В 1925 году Полю Адриену Морису Дираку было двадцать три года. Его отец Чарльз был франкоговорящим швейцарцем, а мать Флоренс — англичанкой. Поль был вторым из трех детей. Его отец был настолько властным человеком, что когда в 1935 году он умер, Дирак написал: “Теперь я чувствую себя гораздо свободнее”63. В детстве в присутствии отца он предпочитал молчать. Детская травма привела к тому, что и взрослым Дирак говорил очень мало. Его отец был учителем французского: “Отец постановил, что я должен разговаривать с ним только по-французски. Он думал, что это лучший способ научить меня этому языку. Поскольку на французском я не мог ясно выражать свои мысли, то для меня было лучше молчать, чем переходить на английский”64. Молчаливость Дирака, наследие глубоко несчастливых детства и юности, вошла в легенду.
Хотя Поль интересовался наукой, он, поступив в 1918 году в Бристольский университет, по совету отца начал изучать электротехнику. Тремя годами позже он окончил курс, однако даже несмотря на свой диплом с отличием работу инженера найти не смог. В послевоенной Англии перспектива остаться без работы выглядела безрадостно, и Дирак принял решение: еще два года бесплатно изучать математику в своем старом университете. Он бы предпочел Кембридж, но небольшая стипендия, которую он получал, не покрывала там все расходы на обучение. Лишь в 1923 году, когда Дирак получил диплом математика и грант от правительства, он приехал в Кембридж готовить докторскую диссертацию.

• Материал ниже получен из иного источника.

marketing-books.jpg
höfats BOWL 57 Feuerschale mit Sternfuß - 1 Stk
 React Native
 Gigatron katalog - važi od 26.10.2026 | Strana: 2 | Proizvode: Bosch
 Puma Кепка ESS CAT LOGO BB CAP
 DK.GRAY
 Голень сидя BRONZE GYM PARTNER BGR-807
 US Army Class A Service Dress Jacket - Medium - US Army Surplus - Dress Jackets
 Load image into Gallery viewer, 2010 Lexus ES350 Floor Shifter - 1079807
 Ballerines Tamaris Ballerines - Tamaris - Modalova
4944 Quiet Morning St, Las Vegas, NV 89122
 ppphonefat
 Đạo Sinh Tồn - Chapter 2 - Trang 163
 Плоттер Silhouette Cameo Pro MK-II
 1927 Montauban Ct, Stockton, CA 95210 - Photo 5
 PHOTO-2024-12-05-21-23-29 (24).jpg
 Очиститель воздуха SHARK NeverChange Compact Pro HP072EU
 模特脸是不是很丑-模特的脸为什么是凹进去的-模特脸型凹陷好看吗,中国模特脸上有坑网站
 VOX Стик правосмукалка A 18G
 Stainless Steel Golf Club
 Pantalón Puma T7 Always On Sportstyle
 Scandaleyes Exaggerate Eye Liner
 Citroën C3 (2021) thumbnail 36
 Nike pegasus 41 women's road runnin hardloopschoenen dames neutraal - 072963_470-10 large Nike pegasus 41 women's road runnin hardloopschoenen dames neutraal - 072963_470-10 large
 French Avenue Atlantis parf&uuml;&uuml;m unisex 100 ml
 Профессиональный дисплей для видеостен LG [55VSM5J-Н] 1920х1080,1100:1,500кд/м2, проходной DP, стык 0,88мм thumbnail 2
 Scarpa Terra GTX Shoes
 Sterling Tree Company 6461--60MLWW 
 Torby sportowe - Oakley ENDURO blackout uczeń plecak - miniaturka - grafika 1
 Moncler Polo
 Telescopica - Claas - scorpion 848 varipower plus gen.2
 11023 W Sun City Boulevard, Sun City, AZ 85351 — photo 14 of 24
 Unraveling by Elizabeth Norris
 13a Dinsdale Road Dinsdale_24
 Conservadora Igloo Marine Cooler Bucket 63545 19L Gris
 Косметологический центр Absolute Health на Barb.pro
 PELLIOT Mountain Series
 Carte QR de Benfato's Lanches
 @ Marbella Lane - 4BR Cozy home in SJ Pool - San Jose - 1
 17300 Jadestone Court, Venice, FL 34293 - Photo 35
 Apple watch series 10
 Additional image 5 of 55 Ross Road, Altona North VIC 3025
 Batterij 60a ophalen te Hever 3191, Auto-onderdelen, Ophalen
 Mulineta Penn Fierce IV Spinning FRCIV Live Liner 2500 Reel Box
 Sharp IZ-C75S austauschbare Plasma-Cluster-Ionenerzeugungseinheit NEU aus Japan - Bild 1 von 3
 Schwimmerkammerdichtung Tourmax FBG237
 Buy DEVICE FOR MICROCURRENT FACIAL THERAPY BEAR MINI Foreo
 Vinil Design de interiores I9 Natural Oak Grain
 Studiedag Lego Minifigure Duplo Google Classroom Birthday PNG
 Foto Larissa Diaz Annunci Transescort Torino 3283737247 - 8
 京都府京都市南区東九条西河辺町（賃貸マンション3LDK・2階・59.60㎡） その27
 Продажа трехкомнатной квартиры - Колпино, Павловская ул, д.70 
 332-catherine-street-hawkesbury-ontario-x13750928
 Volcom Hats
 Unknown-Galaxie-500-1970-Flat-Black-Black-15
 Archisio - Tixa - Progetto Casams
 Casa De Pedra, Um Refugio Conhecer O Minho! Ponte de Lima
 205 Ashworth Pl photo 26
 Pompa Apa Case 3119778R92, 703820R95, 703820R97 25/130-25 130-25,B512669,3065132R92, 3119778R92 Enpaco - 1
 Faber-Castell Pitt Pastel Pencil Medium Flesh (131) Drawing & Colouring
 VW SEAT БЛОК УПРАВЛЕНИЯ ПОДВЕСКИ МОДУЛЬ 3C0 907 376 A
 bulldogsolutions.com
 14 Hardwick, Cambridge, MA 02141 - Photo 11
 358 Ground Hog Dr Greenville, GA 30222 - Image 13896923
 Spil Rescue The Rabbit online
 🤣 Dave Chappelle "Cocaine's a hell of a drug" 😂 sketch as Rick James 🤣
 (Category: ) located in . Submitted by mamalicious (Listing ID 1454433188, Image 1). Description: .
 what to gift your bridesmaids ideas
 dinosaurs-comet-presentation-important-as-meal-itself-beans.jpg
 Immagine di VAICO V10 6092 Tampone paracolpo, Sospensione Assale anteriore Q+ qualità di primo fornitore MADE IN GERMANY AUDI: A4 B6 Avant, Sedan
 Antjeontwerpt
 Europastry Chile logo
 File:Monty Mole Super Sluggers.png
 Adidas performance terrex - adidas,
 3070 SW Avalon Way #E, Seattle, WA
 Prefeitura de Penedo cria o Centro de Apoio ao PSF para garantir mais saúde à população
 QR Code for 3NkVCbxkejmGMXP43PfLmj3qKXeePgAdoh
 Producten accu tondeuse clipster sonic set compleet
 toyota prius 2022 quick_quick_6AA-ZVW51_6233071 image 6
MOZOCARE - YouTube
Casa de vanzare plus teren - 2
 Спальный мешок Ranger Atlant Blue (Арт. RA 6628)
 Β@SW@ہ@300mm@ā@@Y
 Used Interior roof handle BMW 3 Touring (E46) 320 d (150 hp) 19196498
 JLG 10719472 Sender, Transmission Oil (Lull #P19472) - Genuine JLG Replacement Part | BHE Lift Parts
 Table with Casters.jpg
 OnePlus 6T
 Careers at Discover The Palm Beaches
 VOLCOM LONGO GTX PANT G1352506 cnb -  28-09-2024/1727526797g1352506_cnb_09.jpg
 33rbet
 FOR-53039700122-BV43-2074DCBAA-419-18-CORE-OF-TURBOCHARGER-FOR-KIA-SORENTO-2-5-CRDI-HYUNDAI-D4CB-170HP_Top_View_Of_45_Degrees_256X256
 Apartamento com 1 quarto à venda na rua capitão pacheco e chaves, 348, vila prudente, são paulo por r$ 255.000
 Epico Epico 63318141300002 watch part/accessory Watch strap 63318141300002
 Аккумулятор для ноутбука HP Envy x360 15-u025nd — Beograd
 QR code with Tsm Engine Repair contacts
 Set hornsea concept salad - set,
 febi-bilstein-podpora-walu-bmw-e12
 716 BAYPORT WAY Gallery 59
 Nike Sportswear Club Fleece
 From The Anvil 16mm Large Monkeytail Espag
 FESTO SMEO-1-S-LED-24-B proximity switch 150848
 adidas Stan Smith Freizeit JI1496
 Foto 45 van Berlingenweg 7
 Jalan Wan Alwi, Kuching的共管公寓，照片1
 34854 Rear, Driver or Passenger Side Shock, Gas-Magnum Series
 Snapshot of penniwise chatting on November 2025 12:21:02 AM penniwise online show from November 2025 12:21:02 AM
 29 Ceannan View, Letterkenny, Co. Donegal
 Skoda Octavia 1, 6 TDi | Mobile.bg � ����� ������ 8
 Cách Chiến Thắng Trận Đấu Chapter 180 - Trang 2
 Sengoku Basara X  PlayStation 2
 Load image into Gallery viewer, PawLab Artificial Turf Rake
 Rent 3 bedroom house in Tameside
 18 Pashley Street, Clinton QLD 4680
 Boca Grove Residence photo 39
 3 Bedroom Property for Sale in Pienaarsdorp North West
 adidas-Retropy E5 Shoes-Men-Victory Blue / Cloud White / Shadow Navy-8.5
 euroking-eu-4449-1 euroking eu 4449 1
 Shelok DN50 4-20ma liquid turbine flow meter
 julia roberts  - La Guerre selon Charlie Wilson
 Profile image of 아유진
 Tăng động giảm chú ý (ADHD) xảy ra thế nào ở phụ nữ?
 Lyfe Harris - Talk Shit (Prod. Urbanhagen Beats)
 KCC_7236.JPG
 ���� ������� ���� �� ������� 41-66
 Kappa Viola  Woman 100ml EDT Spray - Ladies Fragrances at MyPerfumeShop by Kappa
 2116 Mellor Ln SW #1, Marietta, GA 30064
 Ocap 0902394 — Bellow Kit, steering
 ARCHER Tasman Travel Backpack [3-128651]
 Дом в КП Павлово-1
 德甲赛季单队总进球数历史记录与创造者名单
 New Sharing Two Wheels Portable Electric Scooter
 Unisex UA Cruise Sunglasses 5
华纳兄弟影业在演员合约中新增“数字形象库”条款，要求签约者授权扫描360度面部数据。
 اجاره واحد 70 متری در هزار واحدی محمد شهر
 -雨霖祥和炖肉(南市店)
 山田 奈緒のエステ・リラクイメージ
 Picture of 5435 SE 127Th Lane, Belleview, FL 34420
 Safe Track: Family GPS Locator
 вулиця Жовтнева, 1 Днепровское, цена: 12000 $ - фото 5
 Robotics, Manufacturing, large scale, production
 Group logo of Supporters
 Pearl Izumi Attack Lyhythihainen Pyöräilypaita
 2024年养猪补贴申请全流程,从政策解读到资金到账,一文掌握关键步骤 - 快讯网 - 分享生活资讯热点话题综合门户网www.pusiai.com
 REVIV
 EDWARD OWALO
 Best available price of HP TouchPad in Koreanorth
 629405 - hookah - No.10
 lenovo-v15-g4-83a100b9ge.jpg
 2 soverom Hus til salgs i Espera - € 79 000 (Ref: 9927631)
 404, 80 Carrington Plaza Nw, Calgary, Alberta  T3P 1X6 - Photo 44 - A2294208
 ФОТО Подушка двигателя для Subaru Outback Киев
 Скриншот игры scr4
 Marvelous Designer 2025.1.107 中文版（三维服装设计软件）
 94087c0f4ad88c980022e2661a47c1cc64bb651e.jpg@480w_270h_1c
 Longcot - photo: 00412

Его руководителем стал Ральф Говард Фаулер, зять Резерфорда.
Дирак хорошо знал и понимал теорию относительности Эйнштейна, о которой в 1919 году, когда он был студентом-электротехником, говорил весь мир. Однако он почти ничего не знал о квантовом атоме Бора (тот был на десять лет старше). До приезда в Кембридж Дирак считал, что атом — это нечто совершенно гипотетическое, о чем и думать не стоит65. Но затем он изменил свое мнение и постарался нагнать упущенное время.
Спокойная, уединенная жизнь физика-теоретика в Кембридже была словно специально устроена для застенчивого, погруженного в себя Дирака. Обычно аспиранты работали в кабинетах либо в библиотеке. Может, кому-то и было трудно день за днем оставаться наедине с самим собой, но Дирак был счастлив, что его оставили в покое. Даже по воскресеньям, отдыхая и гуляя в окрестностях Кембриджа, он предпочитал одиночество.
Как и Бор, с которым он впервые встретился в июне 1925 года, Дирак и в разговоре, и на письме тщательно подбирал слова. Если во время лекции его просили объяснить непонятное, он нередко дословно повторял уже сказанное им. В Кембридж Бор приехал читать лекции по квантовой теории. На Дирака произвел впечатление сам ученый, а не его аргументация. “Я хотел услышать утверждения, которые можно было бы подкрепить уравнениями, — сказал он позже, — а в работах Бора такие утверждения встречались крайне редко”66. С другой стороны, приехавший из Геттингена с лекцией Гейзенберг потратил много месяцев на занятия именно той физикой, которая могла воодушевить Дирака. Но о результатах Гейзенберга он услышал не от него самого: тот в лекции о спектроскопии атомов предпочел не упоминать о них.